Review

“Endgame”, Irish Repertory Theatre

Glenda Frank in New York
28 March 2023

 

Like Shakespeare, Chekhov and Miller, Nobel Prize winner Samuel Beckett wrote plays that are continually produced, and with each new opening, you many wonder, why another? For me the lure of the current production of Endgame at the off-Broadway Irish Repertory Theatre on West 22nd Street was Bill Irwin, the brilliant New Vaudevillian who enriches even his dramatic roles with an off-beat comic edge. “Nothing is funnier than unhappiness,” the character Nell observes. Now extended through April 16, this Endgame is bizarre, droll – and remarkably poignant. Director Ciarán O’Reilly, co-founder and Producing Director of Irish Rep, imbues a dark tale with lucidity and comedic balance.

 

Patrice Johnson Chevannes and Joe Grifasi.
Photo credit: Carol Rosegg.

 

The world has come to an end. What may be the last ragtag survivors (Orla Long, costumes) share one room (set design by Charlie Corcoran). Outside one of the two small windows – so high Clov has to fetch a ladder to peer out – is a view of the ocean. Outside the other is land, a desert. Inside the room, centre stage is Hamm (John Douglas Thompson), a charismatic blind, wheelchair-bound lord of all he surveys, a miser and a bully. Clov (Irwin) waits on him hand and foot. Clov’s refuge is the kitchen downstairs (offstage) where he can quietly stare at the walls. Hamm’s parents live in rubbish bins.

This does not sound like a comedy. It doesn’t even sound like fun, but it is. Irwin infuses the roles with his genial, off-beat wryness and impeccable timing. As he lugs that heavy ladder from the stairway to the kitchen to the window and back again, lugs it once more, and again, we admire him – actor and character. His hip hurts. He’s a little hunched, probably arthritic, but he goes on. And in Endgame, as in other Beckett plays, going on makes him a kind of hero.

 

 

Bill Irwin as Clov. Photo credit: Carol Rosegg.

 

For many people the comic highlight is Hamm’s pet, a black toy dog with three legs that Clov created. Hamm asks if it’s white.

“Nearly,” lies Clov.

“What do you mean, nearly? Is he white or isn’t he?”

“He isn’t.”

The dog cannot stand, but Clov holds him upright as Hamm reaches down to pet him. And we wonder, how will this end, this intimate exchange between two men?

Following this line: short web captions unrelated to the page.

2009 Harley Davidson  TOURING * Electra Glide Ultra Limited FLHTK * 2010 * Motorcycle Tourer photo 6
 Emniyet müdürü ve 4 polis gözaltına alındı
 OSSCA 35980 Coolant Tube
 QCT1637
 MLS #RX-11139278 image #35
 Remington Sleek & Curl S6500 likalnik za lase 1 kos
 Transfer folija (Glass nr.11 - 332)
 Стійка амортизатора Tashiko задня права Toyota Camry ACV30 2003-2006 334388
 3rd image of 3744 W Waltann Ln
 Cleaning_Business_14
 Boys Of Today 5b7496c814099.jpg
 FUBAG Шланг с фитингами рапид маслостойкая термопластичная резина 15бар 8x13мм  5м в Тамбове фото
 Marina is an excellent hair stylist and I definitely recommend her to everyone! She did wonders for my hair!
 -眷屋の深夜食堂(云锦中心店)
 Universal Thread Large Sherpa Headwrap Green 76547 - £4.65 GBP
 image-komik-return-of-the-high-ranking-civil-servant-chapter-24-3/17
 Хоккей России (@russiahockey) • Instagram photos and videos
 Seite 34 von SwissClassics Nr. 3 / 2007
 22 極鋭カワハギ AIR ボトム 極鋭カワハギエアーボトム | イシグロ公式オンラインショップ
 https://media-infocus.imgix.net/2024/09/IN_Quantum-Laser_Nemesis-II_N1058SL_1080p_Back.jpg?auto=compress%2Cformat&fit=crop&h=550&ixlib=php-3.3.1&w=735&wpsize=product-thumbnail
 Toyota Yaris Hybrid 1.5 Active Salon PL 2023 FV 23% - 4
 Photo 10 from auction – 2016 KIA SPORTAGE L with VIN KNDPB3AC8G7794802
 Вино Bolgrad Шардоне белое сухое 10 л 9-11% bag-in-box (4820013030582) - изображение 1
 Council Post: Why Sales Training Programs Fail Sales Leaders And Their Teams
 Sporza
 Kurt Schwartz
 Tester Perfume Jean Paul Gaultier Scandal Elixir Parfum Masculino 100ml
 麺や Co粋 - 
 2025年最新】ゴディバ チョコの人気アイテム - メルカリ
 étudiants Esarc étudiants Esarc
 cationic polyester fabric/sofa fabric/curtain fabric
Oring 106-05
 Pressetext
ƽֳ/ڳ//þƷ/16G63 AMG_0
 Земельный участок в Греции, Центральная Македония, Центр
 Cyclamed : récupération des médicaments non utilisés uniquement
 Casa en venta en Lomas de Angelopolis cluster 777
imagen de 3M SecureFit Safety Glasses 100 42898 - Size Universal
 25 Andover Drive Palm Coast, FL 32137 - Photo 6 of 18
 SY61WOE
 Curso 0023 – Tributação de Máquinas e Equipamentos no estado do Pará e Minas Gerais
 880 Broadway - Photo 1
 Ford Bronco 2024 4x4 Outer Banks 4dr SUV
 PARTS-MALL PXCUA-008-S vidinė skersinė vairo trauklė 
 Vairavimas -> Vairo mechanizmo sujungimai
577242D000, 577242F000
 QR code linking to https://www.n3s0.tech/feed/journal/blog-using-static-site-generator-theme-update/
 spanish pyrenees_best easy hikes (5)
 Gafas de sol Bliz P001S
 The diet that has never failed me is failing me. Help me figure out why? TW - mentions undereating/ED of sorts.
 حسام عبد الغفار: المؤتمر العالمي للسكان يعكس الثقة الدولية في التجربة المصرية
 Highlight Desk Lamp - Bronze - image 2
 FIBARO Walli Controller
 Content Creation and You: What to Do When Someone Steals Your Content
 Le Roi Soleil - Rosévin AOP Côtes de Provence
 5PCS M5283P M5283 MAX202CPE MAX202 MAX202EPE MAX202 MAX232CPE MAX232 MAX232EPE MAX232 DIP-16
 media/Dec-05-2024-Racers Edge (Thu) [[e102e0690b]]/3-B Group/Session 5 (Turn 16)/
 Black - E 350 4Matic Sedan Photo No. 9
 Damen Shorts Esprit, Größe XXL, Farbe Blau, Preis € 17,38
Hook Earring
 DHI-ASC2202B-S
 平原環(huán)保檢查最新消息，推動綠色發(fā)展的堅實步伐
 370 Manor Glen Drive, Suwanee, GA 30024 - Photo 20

Hamm slips into a fantasy. “Is he gazing at me?”

“Yes,” Clov says.

“As if he were asking me to take him for a walk?”

“If you like.”

“Or as if he were begging me for a bone? Leave him like that, standing there imploring me.”

“I’ll leave you,” Clov says.

The dramatic tension is masked in the comic absurdity of a non sequitur.  Nothing Clov does elicits affection. Hamm, who summons his surrogate son with a dog whistle, is stuck in tyrant mode. Theatre of the Absurd plays on metaphor, with double and triple meaning. Hamm says he regrets rejecting the widow when she came to beg for oil for her lamp. “You know what she died of, Mother Pegg?” Clov asks. “Of darkness!”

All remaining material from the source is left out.